Falhou gravemente o sistema de segurança prestado em regime de PPP (parceria público-privada) na visita do então Papa Bento XVI, em 2010, e na Tempestade Stephanie, em 2014. Mas há mais.
Segundo o Observador, que cita o JN de hoje, 7 de agosto, registam-se casos de “voos cancelados, árvores arrancadas, inundações, carros arrastados pelas águas e até um Benfica-Sporting adiado, depois de uma placa se partir na cobertura do Estádio da Luz, enchendo o relvado de pedaços de lã de rocha”.
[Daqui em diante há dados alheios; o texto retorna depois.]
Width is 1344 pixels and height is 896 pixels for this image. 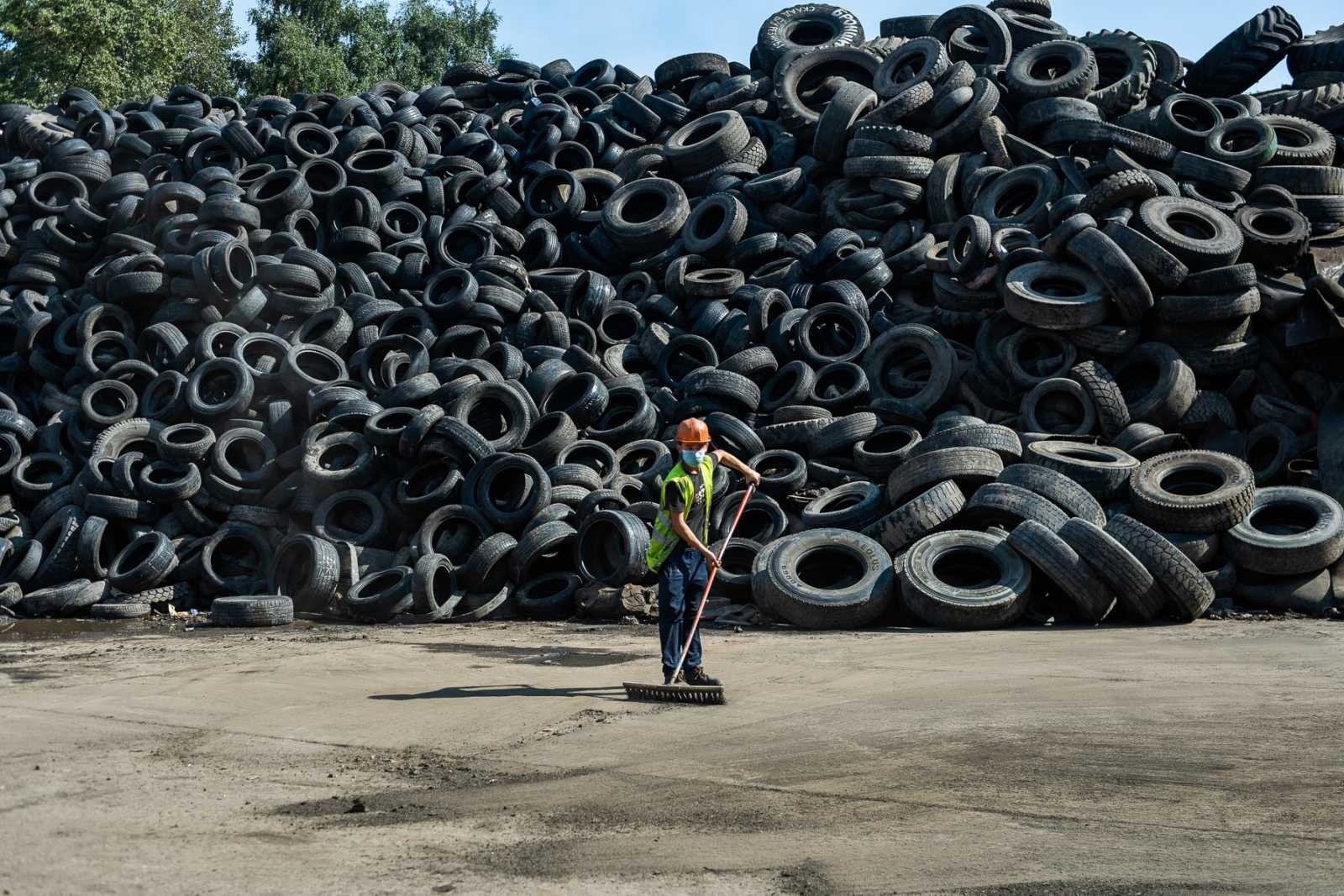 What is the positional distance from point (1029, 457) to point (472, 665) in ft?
19.4

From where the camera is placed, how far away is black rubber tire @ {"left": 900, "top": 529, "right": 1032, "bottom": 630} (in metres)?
10.2

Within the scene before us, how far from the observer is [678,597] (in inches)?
291

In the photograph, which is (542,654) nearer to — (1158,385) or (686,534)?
(686,534)

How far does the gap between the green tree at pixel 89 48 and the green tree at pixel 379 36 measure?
372cm

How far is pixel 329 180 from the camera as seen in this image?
21500mm

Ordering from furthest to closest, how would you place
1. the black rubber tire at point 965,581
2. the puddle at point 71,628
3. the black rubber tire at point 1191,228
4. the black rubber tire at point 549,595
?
the black rubber tire at point 1191,228
the black rubber tire at point 549,595
the puddle at point 71,628
the black rubber tire at point 965,581

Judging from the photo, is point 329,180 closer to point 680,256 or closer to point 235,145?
point 235,145

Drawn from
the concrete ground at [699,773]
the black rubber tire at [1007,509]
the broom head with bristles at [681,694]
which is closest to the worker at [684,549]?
the broom head with bristles at [681,694]

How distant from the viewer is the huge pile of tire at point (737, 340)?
11703mm

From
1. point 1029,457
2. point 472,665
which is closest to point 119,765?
point 472,665

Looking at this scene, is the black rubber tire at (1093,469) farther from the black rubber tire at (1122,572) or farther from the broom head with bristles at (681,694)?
the broom head with bristles at (681,694)

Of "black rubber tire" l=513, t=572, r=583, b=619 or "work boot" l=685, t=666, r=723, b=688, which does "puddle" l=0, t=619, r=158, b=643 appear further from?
"work boot" l=685, t=666, r=723, b=688

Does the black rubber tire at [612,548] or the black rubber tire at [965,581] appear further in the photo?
the black rubber tire at [612,548]

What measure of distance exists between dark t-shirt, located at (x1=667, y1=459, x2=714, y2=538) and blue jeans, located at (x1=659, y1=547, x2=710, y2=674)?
0.17 m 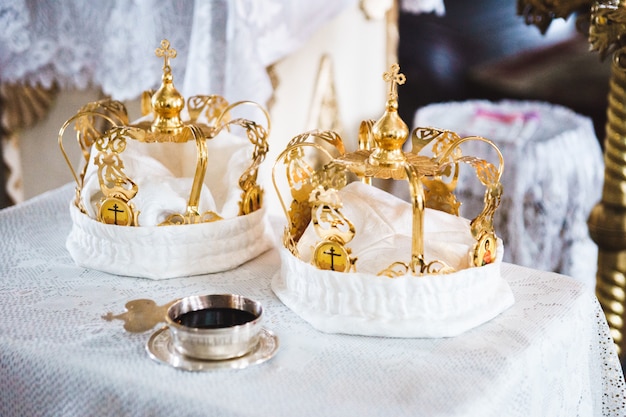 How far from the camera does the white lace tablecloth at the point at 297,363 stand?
2.50ft

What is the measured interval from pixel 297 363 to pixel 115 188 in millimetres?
372

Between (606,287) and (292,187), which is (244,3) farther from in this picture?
(606,287)

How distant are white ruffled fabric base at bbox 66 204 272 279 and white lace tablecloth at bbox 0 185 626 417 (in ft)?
0.06

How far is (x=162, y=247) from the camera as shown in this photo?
1040 mm

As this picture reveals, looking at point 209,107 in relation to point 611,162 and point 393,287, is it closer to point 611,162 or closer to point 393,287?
point 393,287

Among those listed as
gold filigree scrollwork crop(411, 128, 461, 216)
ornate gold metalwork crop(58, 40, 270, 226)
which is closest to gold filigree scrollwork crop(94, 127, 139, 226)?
ornate gold metalwork crop(58, 40, 270, 226)

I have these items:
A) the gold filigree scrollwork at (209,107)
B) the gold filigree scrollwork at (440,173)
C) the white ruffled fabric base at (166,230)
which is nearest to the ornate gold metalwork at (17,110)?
the gold filigree scrollwork at (209,107)

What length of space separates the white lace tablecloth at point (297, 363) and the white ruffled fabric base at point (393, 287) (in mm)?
15

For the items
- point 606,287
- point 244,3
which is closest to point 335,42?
point 244,3

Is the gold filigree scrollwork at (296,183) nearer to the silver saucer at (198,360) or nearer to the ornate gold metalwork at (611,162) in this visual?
the silver saucer at (198,360)

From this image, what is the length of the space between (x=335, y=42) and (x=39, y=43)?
988mm

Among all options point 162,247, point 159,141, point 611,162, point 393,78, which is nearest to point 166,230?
point 162,247

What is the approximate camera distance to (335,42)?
248 cm

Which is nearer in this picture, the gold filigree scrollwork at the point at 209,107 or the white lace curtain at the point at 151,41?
the gold filigree scrollwork at the point at 209,107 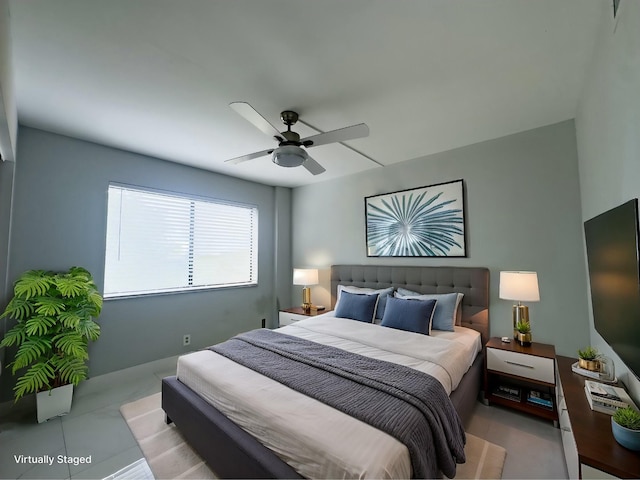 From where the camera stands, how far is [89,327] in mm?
2371

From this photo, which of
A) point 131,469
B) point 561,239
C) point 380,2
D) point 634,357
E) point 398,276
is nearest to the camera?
point 634,357

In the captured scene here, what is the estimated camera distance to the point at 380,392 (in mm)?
1592

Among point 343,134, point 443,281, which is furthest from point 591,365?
point 343,134

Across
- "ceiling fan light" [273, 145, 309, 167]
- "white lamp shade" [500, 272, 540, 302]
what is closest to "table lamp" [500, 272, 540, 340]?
"white lamp shade" [500, 272, 540, 302]

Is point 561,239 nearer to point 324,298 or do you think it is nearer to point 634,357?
point 634,357

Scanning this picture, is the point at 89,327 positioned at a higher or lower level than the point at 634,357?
lower

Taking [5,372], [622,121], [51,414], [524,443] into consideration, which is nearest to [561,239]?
[622,121]

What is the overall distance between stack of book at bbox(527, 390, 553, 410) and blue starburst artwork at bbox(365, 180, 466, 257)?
1410 mm

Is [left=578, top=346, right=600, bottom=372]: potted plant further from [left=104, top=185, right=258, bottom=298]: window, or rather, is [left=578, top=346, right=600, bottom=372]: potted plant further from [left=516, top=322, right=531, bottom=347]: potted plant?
[left=104, top=185, right=258, bottom=298]: window

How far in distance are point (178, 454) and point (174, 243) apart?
245 cm

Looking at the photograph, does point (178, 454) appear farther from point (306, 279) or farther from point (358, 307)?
point (306, 279)

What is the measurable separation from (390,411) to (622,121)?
1.91 m

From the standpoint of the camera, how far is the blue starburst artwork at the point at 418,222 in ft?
10.3

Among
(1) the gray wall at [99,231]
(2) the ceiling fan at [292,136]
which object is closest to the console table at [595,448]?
(2) the ceiling fan at [292,136] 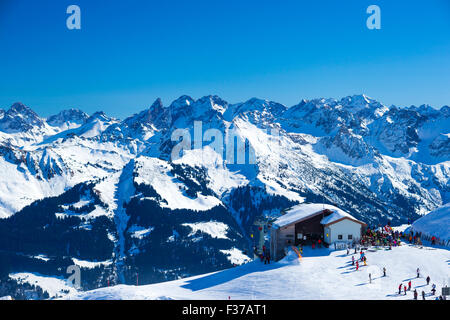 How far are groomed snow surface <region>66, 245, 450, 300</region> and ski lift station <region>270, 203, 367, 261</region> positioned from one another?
3.70 m

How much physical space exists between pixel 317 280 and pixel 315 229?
69.8ft

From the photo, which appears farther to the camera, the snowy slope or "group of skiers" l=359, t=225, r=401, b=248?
the snowy slope

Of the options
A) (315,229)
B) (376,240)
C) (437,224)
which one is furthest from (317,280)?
(437,224)

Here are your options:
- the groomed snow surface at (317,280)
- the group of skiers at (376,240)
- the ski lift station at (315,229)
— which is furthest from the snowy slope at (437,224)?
the ski lift station at (315,229)

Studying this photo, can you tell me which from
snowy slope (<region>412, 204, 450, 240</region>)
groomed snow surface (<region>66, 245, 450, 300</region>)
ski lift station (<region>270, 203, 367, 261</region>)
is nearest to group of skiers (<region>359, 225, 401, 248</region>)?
ski lift station (<region>270, 203, 367, 261</region>)

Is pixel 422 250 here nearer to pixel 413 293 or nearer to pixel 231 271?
pixel 413 293

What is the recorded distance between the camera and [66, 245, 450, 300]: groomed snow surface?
4091 centimetres

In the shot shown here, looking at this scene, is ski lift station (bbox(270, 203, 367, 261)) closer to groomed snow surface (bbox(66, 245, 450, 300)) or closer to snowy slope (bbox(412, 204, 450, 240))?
groomed snow surface (bbox(66, 245, 450, 300))

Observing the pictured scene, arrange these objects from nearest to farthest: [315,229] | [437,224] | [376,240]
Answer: [376,240] < [315,229] < [437,224]

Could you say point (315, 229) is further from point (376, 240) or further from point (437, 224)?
point (437, 224)

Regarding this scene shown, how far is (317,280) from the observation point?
4653 centimetres

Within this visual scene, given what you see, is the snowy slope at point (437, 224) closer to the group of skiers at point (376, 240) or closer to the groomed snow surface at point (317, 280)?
the group of skiers at point (376, 240) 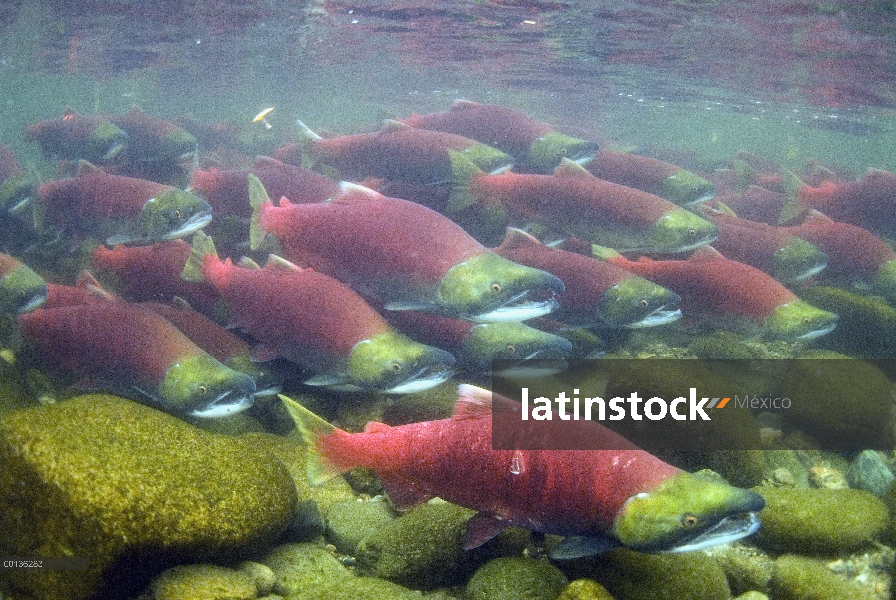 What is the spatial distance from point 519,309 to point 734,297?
8.25 feet

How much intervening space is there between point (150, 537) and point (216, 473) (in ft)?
1.39

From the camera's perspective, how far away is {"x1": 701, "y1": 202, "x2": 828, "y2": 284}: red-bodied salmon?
20.4ft

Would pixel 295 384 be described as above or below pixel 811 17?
below

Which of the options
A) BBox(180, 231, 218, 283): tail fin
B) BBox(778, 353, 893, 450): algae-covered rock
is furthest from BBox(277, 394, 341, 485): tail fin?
BBox(778, 353, 893, 450): algae-covered rock

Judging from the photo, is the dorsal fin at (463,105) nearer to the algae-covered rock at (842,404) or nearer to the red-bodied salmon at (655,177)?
the red-bodied salmon at (655,177)

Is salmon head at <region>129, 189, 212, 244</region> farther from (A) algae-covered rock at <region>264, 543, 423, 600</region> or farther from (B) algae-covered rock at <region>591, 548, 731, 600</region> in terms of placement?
(B) algae-covered rock at <region>591, 548, 731, 600</region>

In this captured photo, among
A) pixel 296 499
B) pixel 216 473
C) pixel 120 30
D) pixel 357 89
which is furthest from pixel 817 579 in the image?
pixel 357 89

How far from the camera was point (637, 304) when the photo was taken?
4844 millimetres

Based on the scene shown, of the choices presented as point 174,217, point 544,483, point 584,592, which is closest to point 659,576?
point 584,592

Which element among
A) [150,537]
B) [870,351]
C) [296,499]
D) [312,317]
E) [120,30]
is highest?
[120,30]

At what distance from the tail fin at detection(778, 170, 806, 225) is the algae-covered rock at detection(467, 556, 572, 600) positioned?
7.04 meters

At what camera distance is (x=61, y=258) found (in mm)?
6543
De facto, entre 8 e 10 de fevereiro de 2010, com a tempestade Stephanie Portugal ficou em alvoroço, sendo que o SIRESP (Sistema Integrado de Redes de Emergência e Segurança de Portugal) não esteve à altura dos acontecimentos. Cortes de energia em série deixaram inoperacional 13% de toda a rede (65 estações-base) do país (E depois houve um “apagão” quando se acabaram as baterias que alimentavam o sistema) – o que exemplifica o teor da informação veiculada esta segunda-feira sobre as falhas operacionais registadas desde 2010 e que só veem a luz pública depois da tragédia de Pedrógão Grande e concelhos limítrofes e replicada sucessivamente nos demais territórios que vêm sendo pasto das labaredas.
De acordo com o JN, que refere ter acedido a cerca de uma dezena de relatórios de desempenho do próprio SIRESP – elaborados entre 2010 e 2017 –, o sistema não está preparado nem para situações de incêndios como os registados este ano nem para situações de tempestade ou mesmo de grandes eventos programados. Assim, quando o então papa Bento XVI visitou o país, entre 11 e 14 de maio de 2010, as estações da rede de comunicação de emergência na zona de Fátima ficaram saturadas. Meses depois, com a chegada a Lisboa cerca de 60 chefes de Estado e de Governo para a cimeira da NATO, o sistema acusou novos problemas: “falta de cobertura de rede e saturação dos equipamentos”.
Nas épocas de fogos de 2011, 2012, 2013 e 2016 houve cabos ardidos e antenas em baixo. E, nas intempéries de 2013, verificou-se o colapso de 16 por cento da rede. Enfim, a rede SIRESP, utilizada pelas forças de segurança e pelos bombeiros, tem colapsado praticamente todos os anos por altura das tempestades.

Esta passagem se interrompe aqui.